In the first two years of the 2010-15 Coalition government, there was a 17% reduction in the numbers of people helped by Access to Work (partly because of a rule change excluding larger employers, brought in by Labour).  Since 2012/13 the numbers of disabled people helped have increased but have still not reached the same level as in 2009/10. (2)

In 2015, the government decided to cap the amount of support that an individual could get from Access to Work - on the grounds that this would enable more people to be helped.   Research by a number of disability organisations in 2015 found that nearly all A2W users whose funding had been reviewed had experienced reductions in the help they got but the DWP has refused to release information which would confirm whether this is true or not. Deaf people have raised particular concerns about the impact on people who use BSL interpreters. 


The reality is…..
….that if the government really wants to tackle the ‘disability employment gap’ then it needs to stop trying to ‘fix’ disabled people’ and instead turn its attention to the factors which create poor health, insecure employment and poor working conditions.  Making people poorer will not magic up good health, good employers or good working conditions.  

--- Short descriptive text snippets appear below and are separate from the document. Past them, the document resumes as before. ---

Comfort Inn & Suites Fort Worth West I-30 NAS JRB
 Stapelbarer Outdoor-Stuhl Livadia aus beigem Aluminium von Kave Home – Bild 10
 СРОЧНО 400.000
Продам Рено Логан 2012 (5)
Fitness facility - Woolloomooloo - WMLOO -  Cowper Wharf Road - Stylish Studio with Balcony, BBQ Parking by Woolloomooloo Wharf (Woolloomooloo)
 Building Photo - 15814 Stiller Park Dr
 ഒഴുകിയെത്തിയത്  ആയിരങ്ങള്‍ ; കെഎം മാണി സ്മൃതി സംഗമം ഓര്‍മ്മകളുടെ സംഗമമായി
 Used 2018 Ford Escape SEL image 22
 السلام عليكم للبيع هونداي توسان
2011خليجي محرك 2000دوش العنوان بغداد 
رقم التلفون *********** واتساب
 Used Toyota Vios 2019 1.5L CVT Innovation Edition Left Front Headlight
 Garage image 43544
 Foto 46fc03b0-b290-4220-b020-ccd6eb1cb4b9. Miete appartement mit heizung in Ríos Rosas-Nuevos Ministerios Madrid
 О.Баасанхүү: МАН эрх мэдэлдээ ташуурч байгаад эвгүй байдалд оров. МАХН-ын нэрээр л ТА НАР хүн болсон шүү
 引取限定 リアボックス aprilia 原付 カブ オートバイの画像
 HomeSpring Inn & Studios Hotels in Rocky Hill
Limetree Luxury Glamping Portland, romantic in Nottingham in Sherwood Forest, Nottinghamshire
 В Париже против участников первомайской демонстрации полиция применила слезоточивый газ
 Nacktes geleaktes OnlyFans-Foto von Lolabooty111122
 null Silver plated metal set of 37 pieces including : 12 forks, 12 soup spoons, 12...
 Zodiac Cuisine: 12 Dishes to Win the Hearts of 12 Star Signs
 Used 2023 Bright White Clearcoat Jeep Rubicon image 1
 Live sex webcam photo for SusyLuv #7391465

  1. And if you really want to look at the problem with assuming statistically significant correlations tell us something about causality, have a look at this website which, amongst other things, points out that there is a statistically significant correlation between trimming the fat off your steak and being an atheist.(with thanks to Tim Harford’s Radio 4 programme More or Less for highlighting this).
  2. The November 2015 Spending Review announced “a real terms increase in Access to Work….to help a further 25,000 disabled people each year remain in work”.  However, when asked to confirm this, the Department for Work and Pensions refused to comment and I have not been able to find any indication of an increase in the Access to Work budget to make this a reality (if anyone else can find it I’d be grateful!).